***** Records shown

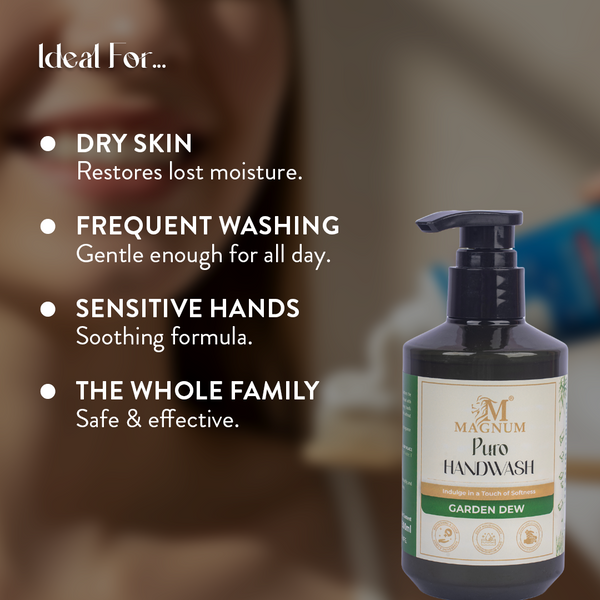 Magnum Puro Garden Dew Hand Wash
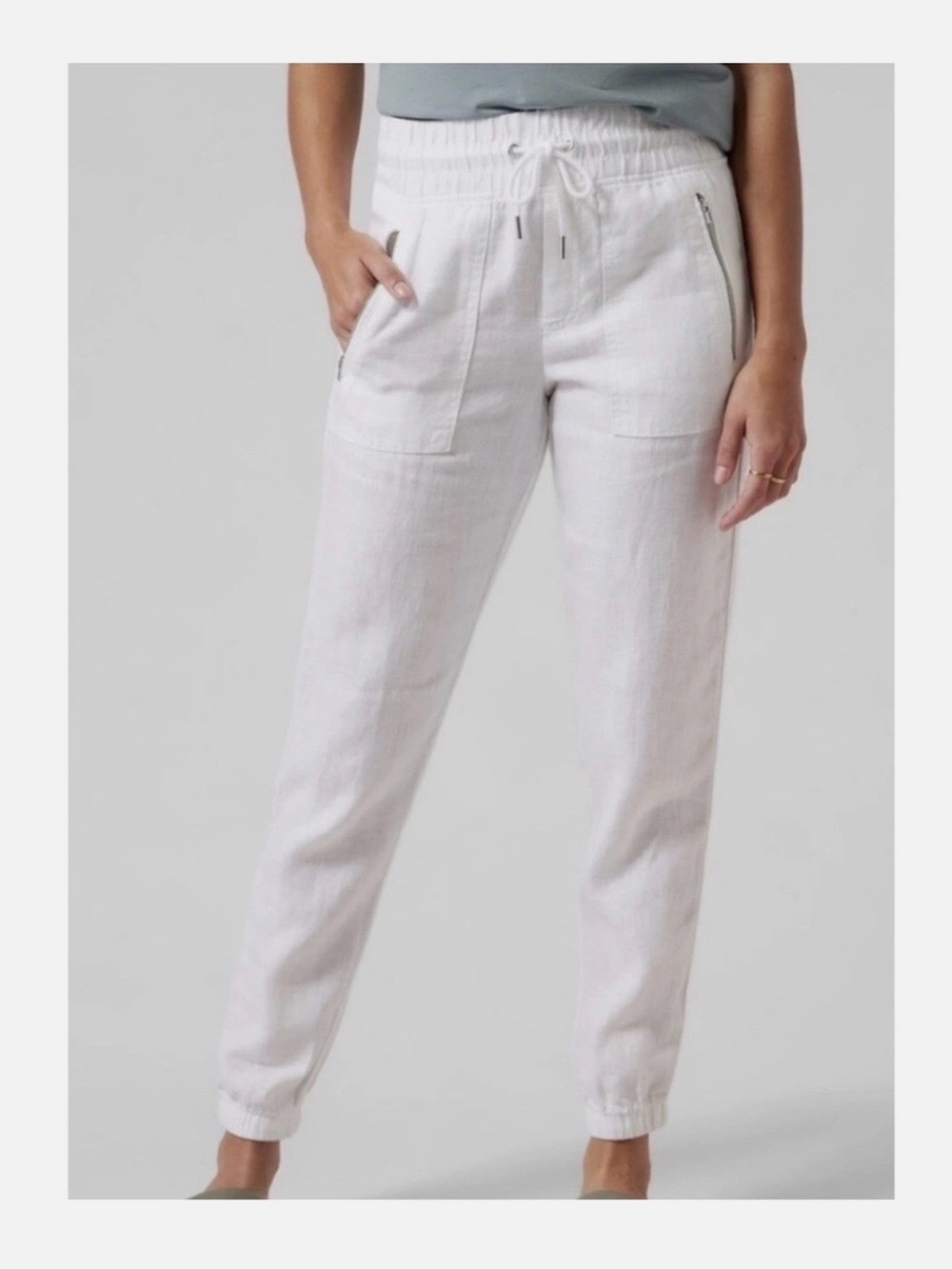 Athleta Retreat Linen Jogger – NWT, Size XL Tall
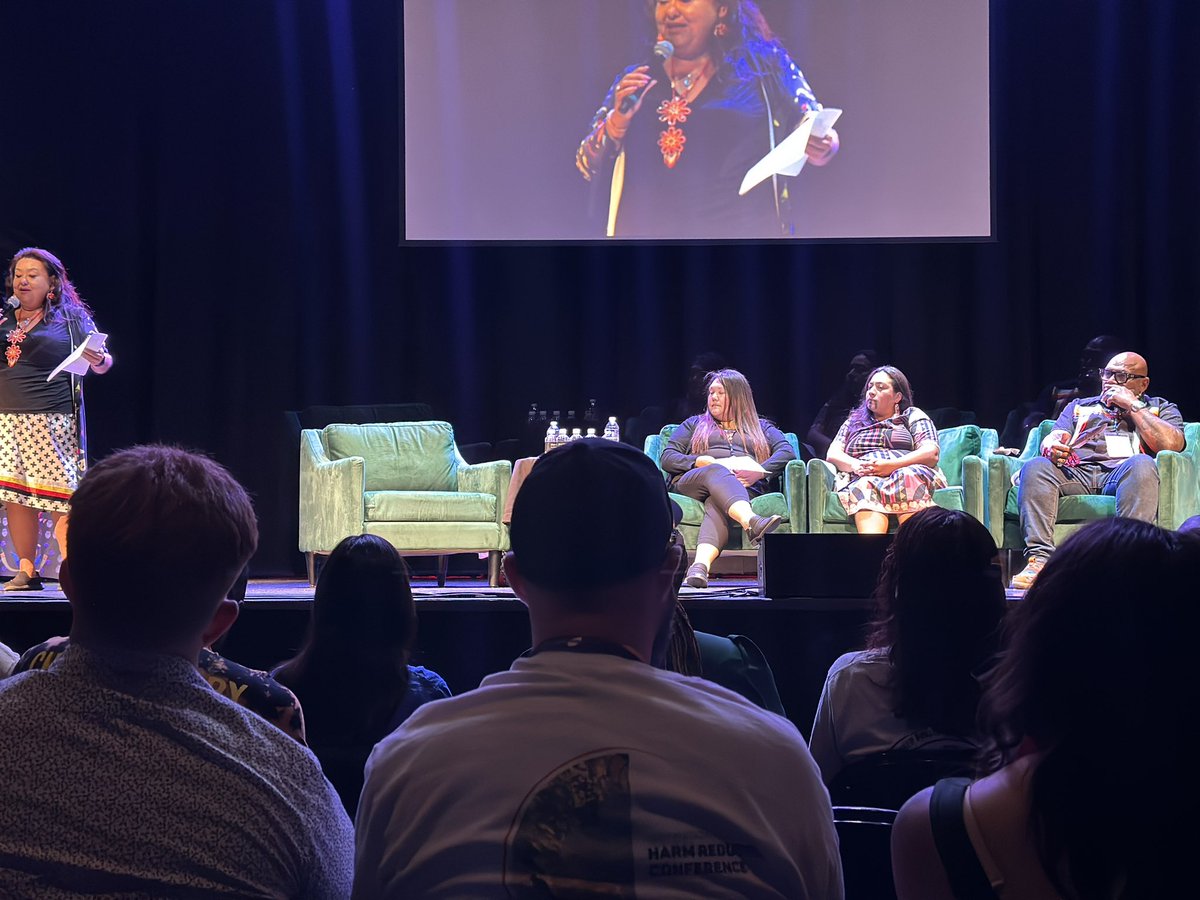Feature Plenary: Centering Indigenous Leadership and Innovation in Harm Reduction and Drug Policy #Reform2023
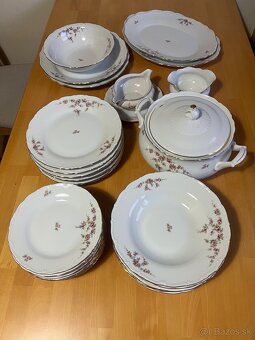 Obedova suprava porcelan - 5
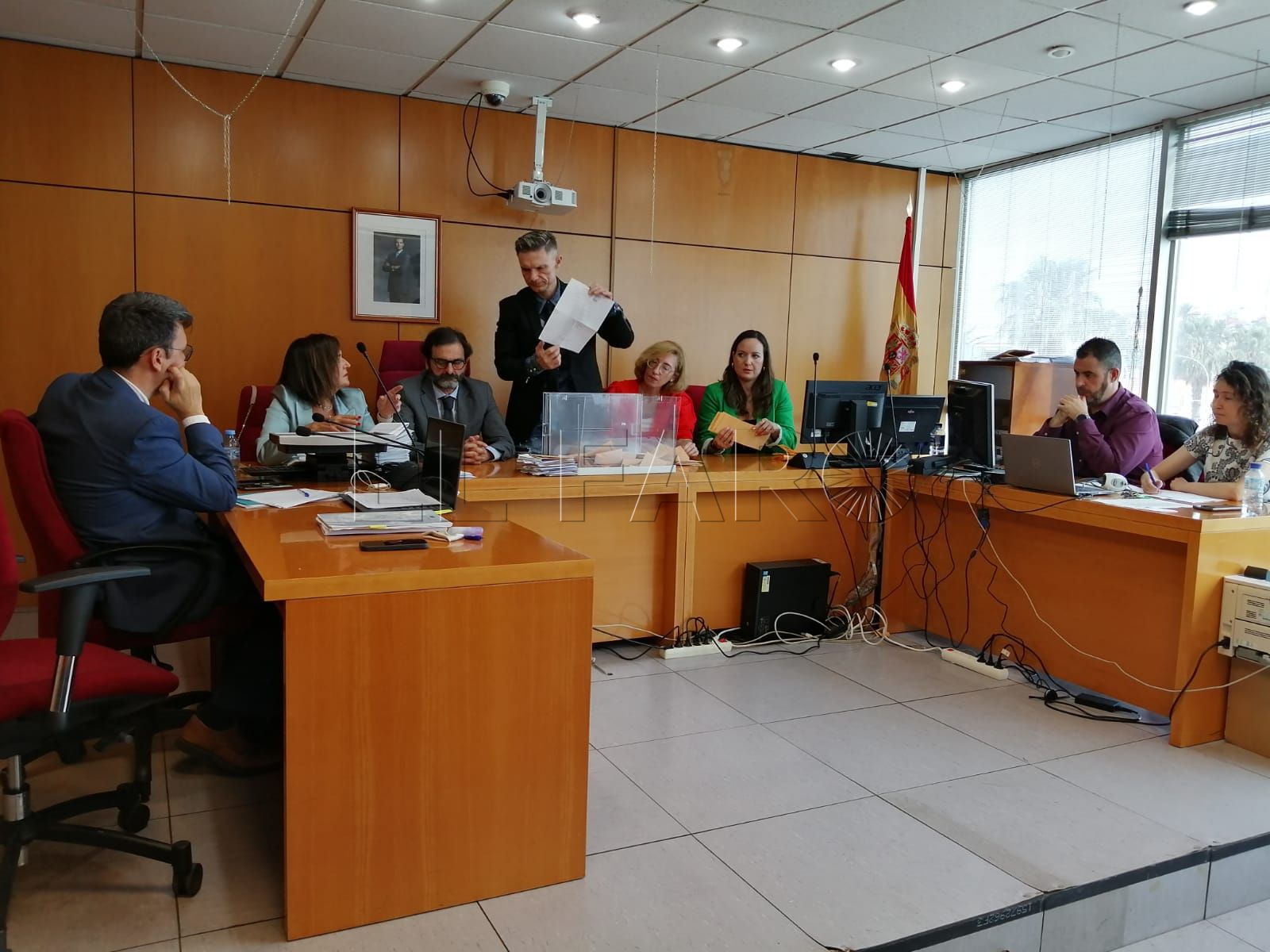 28ba1bc8 a1f3 4bd6 8d6b a6c34c4da5b4 El magistrado Miguel Ángel García vuelve a presidir la Junta Electoral de Zona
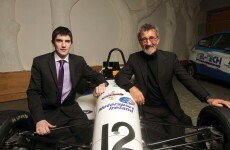 On track: Craig Breen takes top driver award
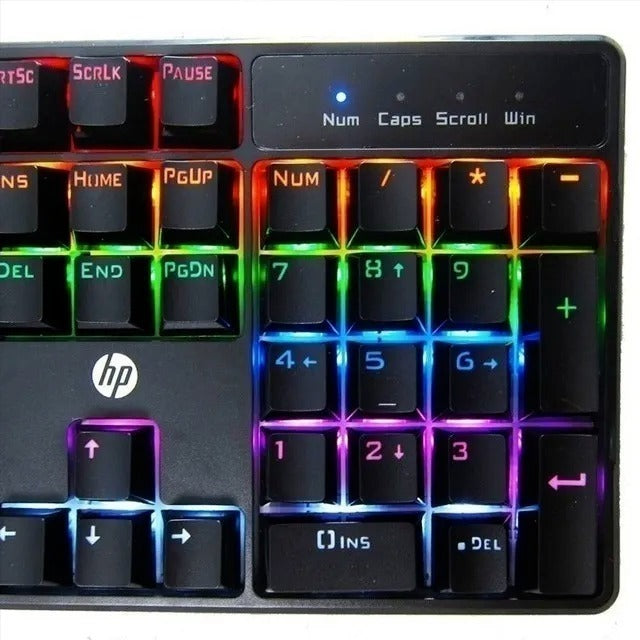 Teclado Gamer Mecanico Hp Gk320 Pro MultiPlataformas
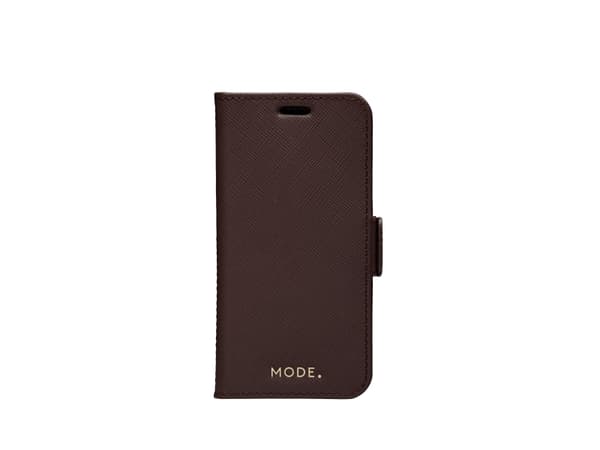 dbramante1928 Milano, Lommebok-etui, Apple, iPhone 12 mini, 13,8 cm (5.42"), Brun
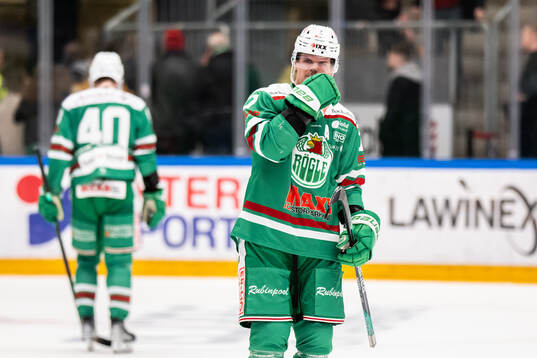 Rögles Erlend Lesund deppar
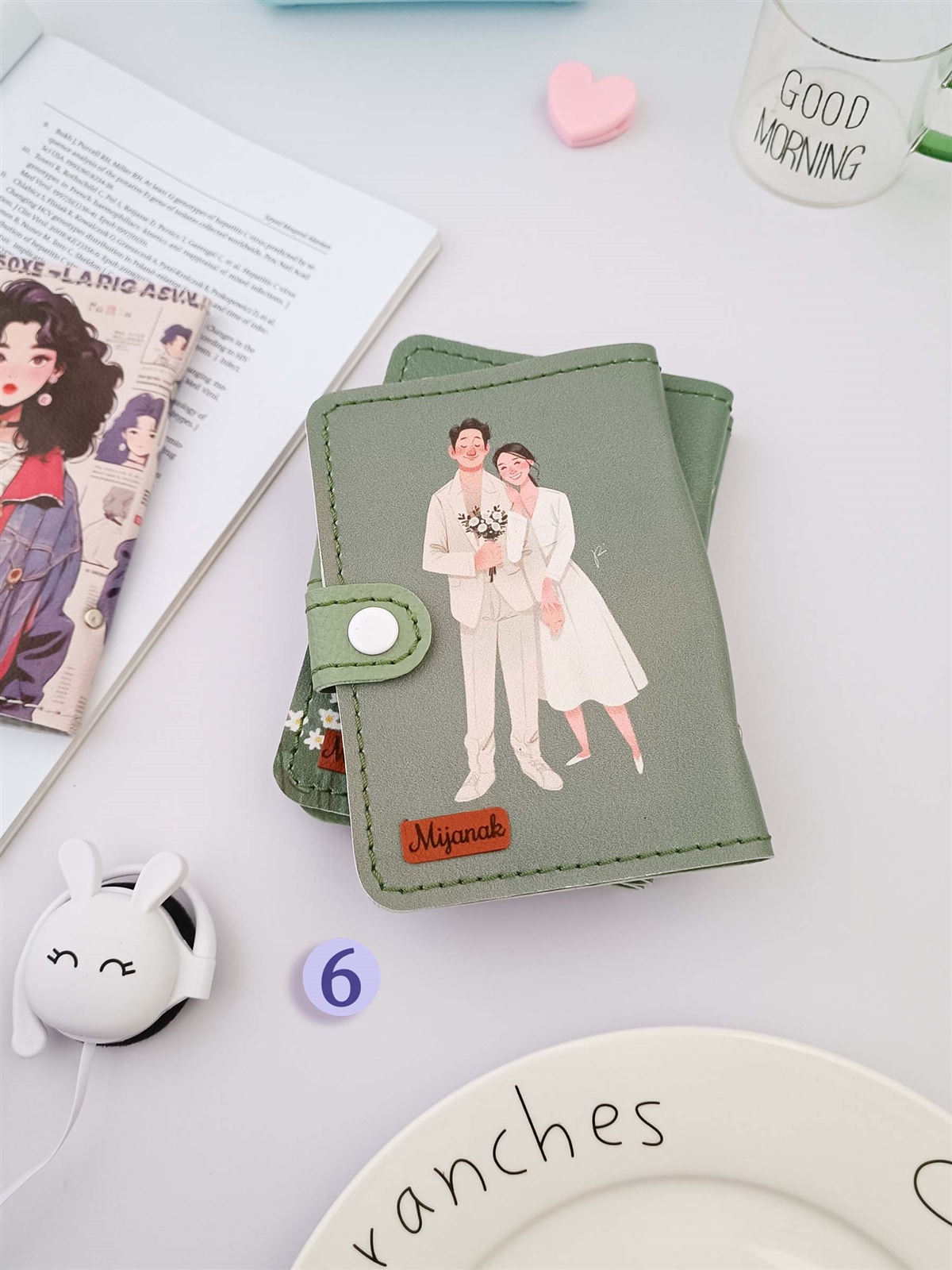 کیف مدارک چرمی - Image 4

**********

▶ **Task directions**
The reply should hold exactly the lines above, starting at the line with "Athleta Retreat Linen" and ending at the line with "Teclado Gamer Mecanico", and no pictures.

▶ **Solution to this task**
 Athleta Retreat Linen Jogger – NWT, Size XL Tall
Feature Plenary: Centering Indigenous Leadership and Innovation in Harm Reduction and Drug Policy #Reform2023
 Obedova suprava porcelan - 5
 28ba1bc8 a1f3 4bd6 8d6b a6c34c4da5b4 El magistrado Miguel Ángel García vuelve a presidir la Junta Electoral de Zona
 On track: Craig Breen takes top driver award
 Teclado Gamer Mecanico Hp Gk320 Pro MultiPlataformas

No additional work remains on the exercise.